• [Exercise instructions] Look through the records below and give the number of lines holding the string "online", nothing more.

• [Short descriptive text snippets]
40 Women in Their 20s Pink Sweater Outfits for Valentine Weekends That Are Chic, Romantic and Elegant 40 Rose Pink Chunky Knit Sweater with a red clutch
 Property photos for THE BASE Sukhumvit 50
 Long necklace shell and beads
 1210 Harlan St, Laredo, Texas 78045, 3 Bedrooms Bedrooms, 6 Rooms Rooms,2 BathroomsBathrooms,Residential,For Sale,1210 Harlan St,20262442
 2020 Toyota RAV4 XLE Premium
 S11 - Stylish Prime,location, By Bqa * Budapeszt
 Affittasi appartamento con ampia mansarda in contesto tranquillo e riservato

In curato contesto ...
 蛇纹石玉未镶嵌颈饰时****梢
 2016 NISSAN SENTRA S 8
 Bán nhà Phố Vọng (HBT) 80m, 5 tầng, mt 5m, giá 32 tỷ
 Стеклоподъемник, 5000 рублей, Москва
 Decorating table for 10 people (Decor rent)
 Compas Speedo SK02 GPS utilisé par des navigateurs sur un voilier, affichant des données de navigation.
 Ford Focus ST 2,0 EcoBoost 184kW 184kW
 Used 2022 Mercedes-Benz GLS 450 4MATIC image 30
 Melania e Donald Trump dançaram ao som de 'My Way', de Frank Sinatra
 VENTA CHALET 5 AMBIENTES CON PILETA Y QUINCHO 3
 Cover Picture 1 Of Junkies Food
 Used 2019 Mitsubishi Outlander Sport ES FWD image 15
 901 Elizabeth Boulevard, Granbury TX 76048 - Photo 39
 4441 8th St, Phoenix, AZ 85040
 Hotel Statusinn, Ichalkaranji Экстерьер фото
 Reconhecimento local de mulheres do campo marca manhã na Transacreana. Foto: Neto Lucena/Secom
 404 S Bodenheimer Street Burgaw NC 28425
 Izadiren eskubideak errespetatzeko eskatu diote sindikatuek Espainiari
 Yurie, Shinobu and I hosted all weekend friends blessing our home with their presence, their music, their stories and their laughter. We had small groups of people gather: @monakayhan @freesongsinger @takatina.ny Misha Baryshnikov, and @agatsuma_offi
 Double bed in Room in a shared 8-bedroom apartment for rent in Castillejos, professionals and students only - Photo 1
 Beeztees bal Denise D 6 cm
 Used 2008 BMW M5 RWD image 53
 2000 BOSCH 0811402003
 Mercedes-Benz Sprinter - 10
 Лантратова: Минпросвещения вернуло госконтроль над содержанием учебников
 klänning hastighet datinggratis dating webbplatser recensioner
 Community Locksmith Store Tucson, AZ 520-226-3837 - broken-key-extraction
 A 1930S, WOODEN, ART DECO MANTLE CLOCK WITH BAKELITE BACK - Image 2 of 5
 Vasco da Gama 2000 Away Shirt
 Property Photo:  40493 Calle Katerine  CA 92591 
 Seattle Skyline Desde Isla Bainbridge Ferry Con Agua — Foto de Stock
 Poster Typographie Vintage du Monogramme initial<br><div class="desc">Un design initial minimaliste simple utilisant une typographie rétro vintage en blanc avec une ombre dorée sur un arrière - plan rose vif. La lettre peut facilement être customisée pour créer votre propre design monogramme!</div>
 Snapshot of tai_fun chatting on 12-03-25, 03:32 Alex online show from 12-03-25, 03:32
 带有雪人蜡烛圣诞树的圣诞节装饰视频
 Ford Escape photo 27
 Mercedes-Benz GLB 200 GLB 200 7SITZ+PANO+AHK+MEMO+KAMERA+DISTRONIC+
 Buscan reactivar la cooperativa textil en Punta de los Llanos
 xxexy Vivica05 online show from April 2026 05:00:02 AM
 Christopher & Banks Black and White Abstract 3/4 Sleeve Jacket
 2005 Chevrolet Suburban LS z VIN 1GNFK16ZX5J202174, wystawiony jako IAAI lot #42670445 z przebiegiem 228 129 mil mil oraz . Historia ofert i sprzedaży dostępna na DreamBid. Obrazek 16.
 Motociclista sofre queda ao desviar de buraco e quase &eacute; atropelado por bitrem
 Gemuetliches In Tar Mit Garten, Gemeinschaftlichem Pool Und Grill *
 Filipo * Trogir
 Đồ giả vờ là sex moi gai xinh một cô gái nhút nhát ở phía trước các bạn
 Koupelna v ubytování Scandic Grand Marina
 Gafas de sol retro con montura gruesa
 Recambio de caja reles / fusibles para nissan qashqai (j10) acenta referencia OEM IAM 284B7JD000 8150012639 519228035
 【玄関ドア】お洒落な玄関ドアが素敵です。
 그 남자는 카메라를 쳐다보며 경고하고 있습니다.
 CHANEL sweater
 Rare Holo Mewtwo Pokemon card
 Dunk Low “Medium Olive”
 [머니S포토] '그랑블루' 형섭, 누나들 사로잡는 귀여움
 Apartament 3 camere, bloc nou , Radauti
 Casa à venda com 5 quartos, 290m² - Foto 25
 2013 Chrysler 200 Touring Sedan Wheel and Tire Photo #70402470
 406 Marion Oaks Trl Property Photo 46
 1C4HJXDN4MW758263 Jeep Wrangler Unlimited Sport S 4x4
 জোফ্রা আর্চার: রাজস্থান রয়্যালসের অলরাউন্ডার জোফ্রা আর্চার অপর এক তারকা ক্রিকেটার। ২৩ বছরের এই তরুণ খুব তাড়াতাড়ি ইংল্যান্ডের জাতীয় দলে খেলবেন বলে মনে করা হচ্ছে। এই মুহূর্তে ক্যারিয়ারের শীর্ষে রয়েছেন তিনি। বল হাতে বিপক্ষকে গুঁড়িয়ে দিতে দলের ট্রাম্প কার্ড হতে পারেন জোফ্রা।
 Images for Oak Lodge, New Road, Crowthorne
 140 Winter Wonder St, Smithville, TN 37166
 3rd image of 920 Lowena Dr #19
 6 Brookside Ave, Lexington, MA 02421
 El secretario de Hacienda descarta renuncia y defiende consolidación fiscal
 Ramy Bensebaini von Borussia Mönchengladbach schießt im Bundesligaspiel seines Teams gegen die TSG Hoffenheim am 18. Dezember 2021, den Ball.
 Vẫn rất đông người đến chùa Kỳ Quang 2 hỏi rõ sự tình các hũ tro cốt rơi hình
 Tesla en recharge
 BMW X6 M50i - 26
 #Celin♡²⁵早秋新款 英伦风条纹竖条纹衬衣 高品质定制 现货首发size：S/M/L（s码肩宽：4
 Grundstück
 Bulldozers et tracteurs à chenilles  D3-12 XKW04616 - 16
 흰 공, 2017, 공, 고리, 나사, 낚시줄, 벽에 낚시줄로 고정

• [Response to this exercise] 2